Now define the maps $\mathcal{F}:\mathcal{S}\to\mathcal{S}$ and $\mathcal{F}^*:\mathcal{S}\to\mathcal{S}$ by

$$\mathcal{F}\{f(x)\}(\xi)=\int_{-\infty}^{\infty}f(x)e^{-2\pi ix\xi} dx\;\;\;\text{and}\;\;\; \mathcal{F}^*\{g(\xi)\}(x)=\int_{-\infty}^{\infty} g(\xi)e^{2\pi ix\xi} d\xi$$

then $\mathcal{F}$ is a Fourier transform and $\mathcal{F}^*$ is a Fourier inverse transform. Note again that $f\in\mathcal{S}$ guarantees $\hat{f}\in\mathcal{S}$ so $\mathcal{F}$ is well defined and the Fourier inversion formula guarantees that $\mathcal{F}^*$ is well defined. The inversion formula also implies that $\mathcal{F}^*\circ\mathcal{F}=I$ where $I:\mathcal{S}\to\mathcal{S}$ is an identity. Moreover, we have $\mathcal{F}\circ\mathcal{F}^*=I$. To prove this, we need the duality of the Fourier transform. If we write $\mathcal{F}\{g(x)\}(\xi)=\hat{g}(\xi)=h(\xi)$ then

\begin{align*}
    \mathcal{F}\{h(x)\}(-\xi)&=\int_{-\infty}^{\infty}h(x)e^{2\pi ix\xi}d\xi=\int_{-\infty}^{\infty}\hat{g}(x)e^{2\pi ix\xi}dx=g(\xi)
\end{align*}

so $\hat{h}(-\xi)=g(\xi) \Rightarrow \hat{h}(\xi)=g(-\xi)$. We can summary this as

$$\mathcal{F}\{g\}(\xi)=\hat{g}(\xi)=h(\xi)=\mathcal{F}^*\{g\}(-\xi)$$

This property of Fourier transform is called the duality. From this,

$$f(x)\underset{\mathcal{F}}{\longrightarrow} \hat{f}(\xi) \underset{\mathcal{F}}{\longrightarrow} f(-x) \underset{\mathcal{F}}{\longrightarrow} \hat{f}(-\xi) \underset{\mathcal{F}}{\longrightarrow} f(x)$$

so $\mathcal{F}^4=\mathcal{F}\circ\mathcal{F}\circ\mathcal{F}\circ\mathcal{F}=I$ and $\mathcal{F}(\mathcal{F}^*(f))=\mathcal{F}(\hat{f}(-\xi))=f$ therefore $\mathcal{F}\circ\mathcal{F}^*=I$. This implies that $\mathcal{F}^*$ is the inverse of $\mathcal{F}$ in $\mathcal{S}$. This leads to the following theorem.
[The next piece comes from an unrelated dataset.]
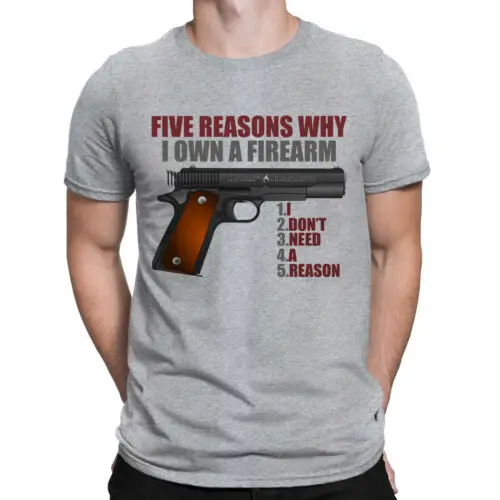 Gun Five Reasons Why I Own A Firearm Funny Novelty Mens Womens T-Shirts Top #DNE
Theorem 2. The Fourier transform is a bijective mapping on the Schwartz space.

Example 1. Define

$$\Pi(x)=\chi_{[-1/2, 1/2]}\;\;\;\text{and}\;\;\;\Lambda(x)=\begin{cases}
    1-|x| & \text{if}\;\; |x|\le 1 \\
    0 & \text{if}\;\;\text{otherwise}
\end{cases}$$

then $\Lambda(x)=(\Pi*\Pi)(x)$ since

$$(\Pi*\Pi)(x)=\int_{-\infty}^{\infty} \Pi(x-y)\Pi(y) dy=\int_{-1/2}^{1/2} \Pi(x-y) dy=\int_{x-1/2}^{x+1/2} \Pi(y) dy=\Lambda(x)$$

We will prove later that $\widehat{(f*g)}(\xi)=\hat{f}(\xi)\hat{g}(\xi)$ thus we have $\widehat{\Lambda}(\xi)=\widehat{\Pi}(\xi)\cdot\widehat{\Pi}(\xi)$. Then $\widehat{\Pi}(\xi)$ is given by

$$\widehat{\Pi}(\xi)=\int_{-\infty}^{\infty}\chi_{[-1/2, 1/2]} e^{-2\pi ix\xi} dx=\int_{-1/2}^{1/2} e^{-2\pi ix\xi} dx=\begin{cases}
    \sin \pi\xi/\pi\xi & \text{if}\;\;\; \xi\ne 0 \\
    1 & \text{if}\;\;\; \xi=0
\end{cases}$$

so

$$\widehat{\Lambda}(\xi)=\begin{cases}
    (\sin \pi\xi/\pi\xi)^2 & \text{if}\;\;\; \xi\ne 0 \\
    1 & \text{if}\;\;\; \xi=0
\end{cases}$$

Then since $\Lambda (x) \to \widehat{\Lambda}(\xi)$, we have

$$\left(\frac{\sin \pi x}{\pi x}\right)^2 \to \Lambda(-\xi)=\Lambda(\xi)$$

from duality. Later, we will define the Fejér kernel on the real line as

$$\mathcal{F}_N(t)=\begin{cases}
    N(\sin N\pi t/N\pi t)^2 & \text{if}\;\;\; t\ne 0 \\
    N & \text{if}\;\;\; t=0
\end{cases}$$

then $\mathcal{F}_N(t)=N\widehat{\Lambda}(Nt)$ so by duality,

$$\widehat{\mathcal{F}}_N(\xi)=\Lambda(-\xi/N)=\Lambda(\xi/N)=\begin{cases}
    1-|\xi|/N & \text{if}\;\;\; |\xi|\le N \\
    0 & \text{if}\;\;\; \text{otherwise}
\end{cases}$$

Note that $f(\delta x)\rightarrow \delta^{-1}\hat{f}(\xi/\delta)$ from simple change of variables.